Eric Clapton is God. Or, at least, he was to many at the peak of his career. The guitar hero’s virtuosic style blew the minds of young audiences while he was in Cream and challenged other musicians to do what only he and a select few others could do. Now, many years past the end of Cream and Clapton’s notable successes as a solo artist, the English musician continues to crank out music, most recently with I Still Do.

In titling the album this way, a question is raised: What does he still do? Clapton may be referring to music in general, the blues or his guitar-playing that made him so famous in the first place. In listening to I Still Do, it may be assumed this referent is directed toward his skill as a guitarist, as the album features lengthy, rambling guitar interludes. But when listening more closely, the title likely refers to Clapton being moved by music; after all these years he is still taken over by the power of sound.
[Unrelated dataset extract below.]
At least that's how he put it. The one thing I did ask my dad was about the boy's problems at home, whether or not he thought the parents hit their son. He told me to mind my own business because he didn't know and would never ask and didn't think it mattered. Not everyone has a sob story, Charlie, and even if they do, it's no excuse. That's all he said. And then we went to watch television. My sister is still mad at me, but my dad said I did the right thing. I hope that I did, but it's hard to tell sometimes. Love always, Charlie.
Starting off with “Alabama Woman Blues,” it’s immediately made clear this album is straight up blues, as the title of this first track suggests. The album features many covers, as was common in early rock ‘n’ roll records, ambling on in a fashion that functions as both easy-listening and a passionate call to the musician’s life work; it can be played on a lazy afternoon or listened to intently. In Clapton’s “Spiral,” he declares, “You don’t know how much this means / To have this music in me / I just keep playing these blues.” The track is slick and builds to Clapton repeatedly singing, “I gotta have it.” In true blues fashion, “Spiral” is repetitive, guitar heavy and soulful—there is no doubt Clapton means what he sings.
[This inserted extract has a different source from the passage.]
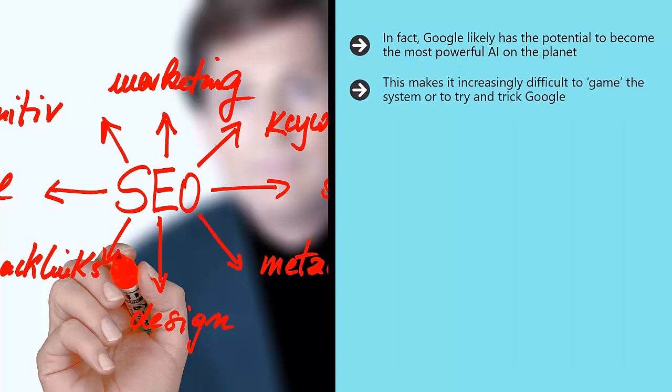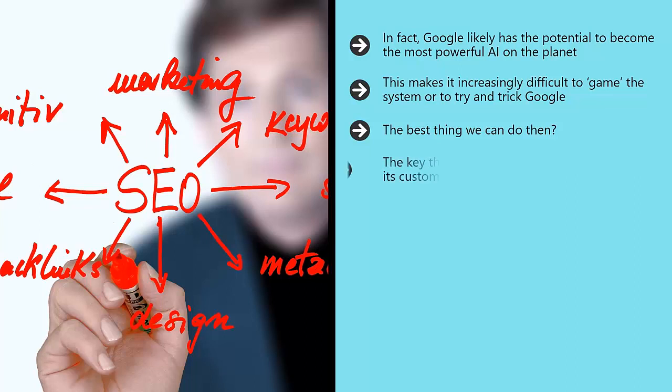This makes it increasingly difficult to game the system or to try and trick Google. The best thing we can do then? Make the best quality content we can. As Google becomes more and more human, writing for Google and writing for the reader will mean essentially the same thing. It's time we started focusing on great quality content and on providing real value.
In terms of covers, Clapton looks toward early blues mavericks like Skip James and Robert Johnson. Clapton’s cover of James’s “Cypress Grove” is authentic but unremarkable. He does the track its due, with instrumentation spilling over on itself and gravelly vocals — but nothing much more than that. “Stones In My Passway,” a Robert Johnson cover, is a more successful rendition of a classic twelve-bar blues song. Featuring clapping, tambourine and more spirited vocals from Clapton, the track rolls on to show Clapton’s utter consumption of the music.

Following “Stones In My Passway” is a cover of Bob Dylan’s “I Dreamed I Saw St. Augustine,” an unexpected feature in an album otherwise devoid of folk. The track replaces Dylan’s harmonica interludes with long guitar breaks, making the statement Clapton not only still lives by the music, but he’s continued to be inspired by artists who lie outside of his wheelhouse — that a good song transcends both time and its genre.

Clapton is going back to his roots, paying homage to the artists who have shaped him. Without the blues, there would be no rock ‘n’ roll and, therefore, no prompting of a British youth to spray paint “Clapton is god” on the side of a fence. But while Clapton’s mastery of his craft is beautifully apparent, I Still Do isn’t calling anyone to the streets.